Nephrology Section, Sahlgrenska Hospital, University of Göteborg, Sweden.

出版信息

Drugs. 1988;36 Suppl 3:9-20. doi: 10.2165/00003495-198800363-00005.

Abstract

It is well documented that elevated blood pressure is an independent and major risk factor for cardiovascular disease (CVD). In controlled trials it has been shown that single factor treatment of arterial hypertension reduces CVD morbidity but seems to have little, if any, effect on coronary heart disease (CHD). The risk for development of CVD and CHD is multifactorial and varies considerably according to the total risk factor profile in the total and the hypertensive population. In both the untreated and treated hypertensive subject the risk for suffering a CVD complication can vary up to 15- to 20-fold at a given blood pressure, according to the absence or presence of other risk factors such as smoking, elevated serum cholesterol, glucose intolerance and various manifestations of end-organ involvement.
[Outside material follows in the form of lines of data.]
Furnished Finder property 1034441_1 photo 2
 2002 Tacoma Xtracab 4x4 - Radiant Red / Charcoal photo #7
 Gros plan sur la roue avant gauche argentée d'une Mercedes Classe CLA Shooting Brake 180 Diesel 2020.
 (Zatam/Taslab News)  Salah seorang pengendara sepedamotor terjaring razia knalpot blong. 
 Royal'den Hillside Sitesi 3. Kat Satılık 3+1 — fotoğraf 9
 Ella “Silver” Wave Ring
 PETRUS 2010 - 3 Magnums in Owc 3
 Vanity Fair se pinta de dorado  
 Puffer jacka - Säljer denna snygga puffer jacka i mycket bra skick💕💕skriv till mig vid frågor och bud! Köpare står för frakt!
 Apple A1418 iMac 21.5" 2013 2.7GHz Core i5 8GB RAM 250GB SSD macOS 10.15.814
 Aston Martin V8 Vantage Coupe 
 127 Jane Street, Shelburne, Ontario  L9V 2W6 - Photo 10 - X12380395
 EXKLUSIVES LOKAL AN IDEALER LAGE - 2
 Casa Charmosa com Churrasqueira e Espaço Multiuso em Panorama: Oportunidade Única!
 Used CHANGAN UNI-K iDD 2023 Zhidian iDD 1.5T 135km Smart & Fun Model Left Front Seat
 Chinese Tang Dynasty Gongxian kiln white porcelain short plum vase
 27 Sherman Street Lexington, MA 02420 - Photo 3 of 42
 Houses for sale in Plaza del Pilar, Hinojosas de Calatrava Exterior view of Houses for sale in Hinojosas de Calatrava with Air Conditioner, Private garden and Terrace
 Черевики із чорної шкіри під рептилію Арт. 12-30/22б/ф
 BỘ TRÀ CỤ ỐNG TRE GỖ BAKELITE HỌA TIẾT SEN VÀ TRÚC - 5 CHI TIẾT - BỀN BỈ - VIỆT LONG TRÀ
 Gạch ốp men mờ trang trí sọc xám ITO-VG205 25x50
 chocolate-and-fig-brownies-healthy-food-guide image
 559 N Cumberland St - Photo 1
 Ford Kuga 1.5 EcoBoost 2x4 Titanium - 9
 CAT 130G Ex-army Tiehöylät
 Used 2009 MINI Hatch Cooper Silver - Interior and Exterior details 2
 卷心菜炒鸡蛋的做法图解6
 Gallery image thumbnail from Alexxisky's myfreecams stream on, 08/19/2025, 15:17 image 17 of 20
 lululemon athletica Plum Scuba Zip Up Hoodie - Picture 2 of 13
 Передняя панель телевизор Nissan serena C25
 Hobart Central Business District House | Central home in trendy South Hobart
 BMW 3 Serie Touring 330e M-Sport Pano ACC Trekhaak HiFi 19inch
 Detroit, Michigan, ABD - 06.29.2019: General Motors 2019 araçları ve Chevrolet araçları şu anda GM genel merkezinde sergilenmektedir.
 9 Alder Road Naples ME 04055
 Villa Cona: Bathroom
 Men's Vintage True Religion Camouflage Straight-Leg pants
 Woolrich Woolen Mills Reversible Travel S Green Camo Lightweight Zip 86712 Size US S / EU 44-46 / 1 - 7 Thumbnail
The prognostic impact of risk factors other than elevated blood pressure has been documented in both controlled treatment trials of hypertension and long term observational studies of treated hypertensive patient series. Treated hypertensives who smoke have 2 to 3 times higher total mortality. CVD mortality, CVD morbidity and CHD morbidity rates compared with their non-smoking counterparts. Similarly, treated hypertensives with various symptoms or signs of cardiac, cerebral or renal involvement have a doubled to tripled CVD mortality and CVD and CHD morbidity risk compared with patients without end-organ involvement. Elevated serum cholesterol levels have been found to independently increase the risk for CVD and CHD morbidity in some treated hypertensive series, whereas the results are not in full agreement with regard to mortality. Experiences from interventional and observational hypertension studies indicate that the potential beneficial effects of antihypertensive treatment seem to be highly dependent both on the patient's initial risk factor profile and on changes in this profile during follow-up. Treatment has little or no effect on morbidity and mortality in hypercholesterolaemic (and smoking) hypertensive subjects. Failure to reduce elevated serum cholesterol levels may be an important explanation for the failure of the controlled hypertension treatment trials to show a reduction of CHD morbidity.(ABSTRACT TRUNCATED AT 400 WORDS)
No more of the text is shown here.